Vol. 7, No. 40 Week of October 06, 2002

Mackenzie Delta pipeline could be victim of climate change treaty

Gary Park, PNA Canadian Correspondent

For the first time, the specter of the Kyoto Protocol as a threat to the Canadian pipeline industry has been raised by Alberta Energy Minister Murray Smith, with a blunt warning that the climate change treaty, if implemented in Canada, could put plans for a Mackenzie gas pipeline in doubt.

While arguing the case for Alberta as a hub for gas from both the North Slope and Mackenzie Delta, Smith told an international pipeline conference Sept. 30 that Kyoto would be an “economic rock” on the pipeline sector’s shoulders that could impair new development.

Implementing Kyoto would retard oil sands and conventional development “to the point that pipelines would not need to be built,” he said.

Because much of the natural gas demand spurring Mackenzie Delta pipeline development would be driven by the need for feedstock to power new oil sands projects, the protocol creates uncertainty for the proposed line along the Mackenzie valley, Smith said.

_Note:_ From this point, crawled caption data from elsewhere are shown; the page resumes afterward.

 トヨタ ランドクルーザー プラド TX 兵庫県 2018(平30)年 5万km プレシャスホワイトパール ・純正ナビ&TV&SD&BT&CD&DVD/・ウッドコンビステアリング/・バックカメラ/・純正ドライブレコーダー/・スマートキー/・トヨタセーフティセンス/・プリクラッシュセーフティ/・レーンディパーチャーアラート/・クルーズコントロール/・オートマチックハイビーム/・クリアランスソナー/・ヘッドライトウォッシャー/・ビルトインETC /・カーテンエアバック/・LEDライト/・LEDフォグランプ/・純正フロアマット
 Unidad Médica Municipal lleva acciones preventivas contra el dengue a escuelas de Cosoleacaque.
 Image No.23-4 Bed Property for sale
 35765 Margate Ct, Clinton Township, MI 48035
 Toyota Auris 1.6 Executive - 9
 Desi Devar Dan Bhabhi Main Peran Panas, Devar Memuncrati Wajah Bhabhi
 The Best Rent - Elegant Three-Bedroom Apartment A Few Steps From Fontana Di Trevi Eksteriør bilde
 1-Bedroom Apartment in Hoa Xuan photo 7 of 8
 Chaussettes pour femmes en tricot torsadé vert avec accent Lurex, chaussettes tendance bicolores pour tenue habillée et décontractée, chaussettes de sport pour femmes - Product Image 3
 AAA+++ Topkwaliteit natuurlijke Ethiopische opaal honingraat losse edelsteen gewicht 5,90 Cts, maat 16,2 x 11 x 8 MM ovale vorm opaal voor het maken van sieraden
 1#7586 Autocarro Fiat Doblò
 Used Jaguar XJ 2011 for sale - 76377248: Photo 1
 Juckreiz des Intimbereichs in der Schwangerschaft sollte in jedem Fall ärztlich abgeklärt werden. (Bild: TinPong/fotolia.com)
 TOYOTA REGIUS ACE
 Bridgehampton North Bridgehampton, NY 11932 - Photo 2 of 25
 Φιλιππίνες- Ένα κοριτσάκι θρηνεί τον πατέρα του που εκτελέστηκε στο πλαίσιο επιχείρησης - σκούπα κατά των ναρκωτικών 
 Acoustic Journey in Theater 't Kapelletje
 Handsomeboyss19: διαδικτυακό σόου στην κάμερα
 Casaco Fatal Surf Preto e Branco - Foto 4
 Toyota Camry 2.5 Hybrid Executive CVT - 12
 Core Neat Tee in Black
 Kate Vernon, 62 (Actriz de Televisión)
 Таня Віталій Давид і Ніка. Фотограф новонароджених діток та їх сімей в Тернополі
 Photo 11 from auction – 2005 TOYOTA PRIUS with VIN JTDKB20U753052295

He said the only short-term boon stemming from Kyoto could be the construction of pipelines to deliver raw bitumen from northern Alberta to upgrading facilities in the United States.

Demand for pipelines an opportunity

Smith pointed out that Kyoto is a source of uncertainty for a sector at a time when the demand for pipelines presents a “major opportunity.”

The U.S. Energy Information Administration, he noted, has predicted that North America will need about 53,000 miles of new transmission by 2010, requiring spending of more than US$80 billion.

Kyoto aside, he said Alberta supports free and open markets for bringing northern gas to markets, without favoring either the North Slope or Delta projects.

“We want other jurisdictions to follow market-based principles as well,” Smith said. “Government intervention in the energy market place is usually counterproductive.”

But he insisted the best opportunity for unlocking the potential of both northern basins is to utilize an Alberta hub, taking advantage of a “sophisticated network” of producers, processors, pipeline companies, storage operators, markets, natural gas liquids extractors, electricity and oil sands producers and regulators.

Alberta hub to six major markets

The Alberta hub offers northern producers access to six major markets “rather than the more restricted markets they would reach with a bullet line straight through to Chicago,” Smith said.

He said the benefits are liquidity and efficiency — lower costs, more opportunity and better cash flows — with the ability to grow and adapt as supply and demand shift.

Industry players have made major additions to Alberta’s take-away pipeline capacity by expanding service to traditional markets such as Chicago and opening up new markets, such as the U.S. Northeast.

On the technology front, Smith said advances in pipeline materials, construction, design methodologies, rights-of-way management and satellite imagery increase the attractiveness of proposed northern pipeline development.

However, the costs of complying with Kyoto get in the way of decision-making and progress. Smith said he had been told that a politician in Alaska recently said his state “would be crazy to route a new gas pipeline through (Canada) if we ratify Kyoto.”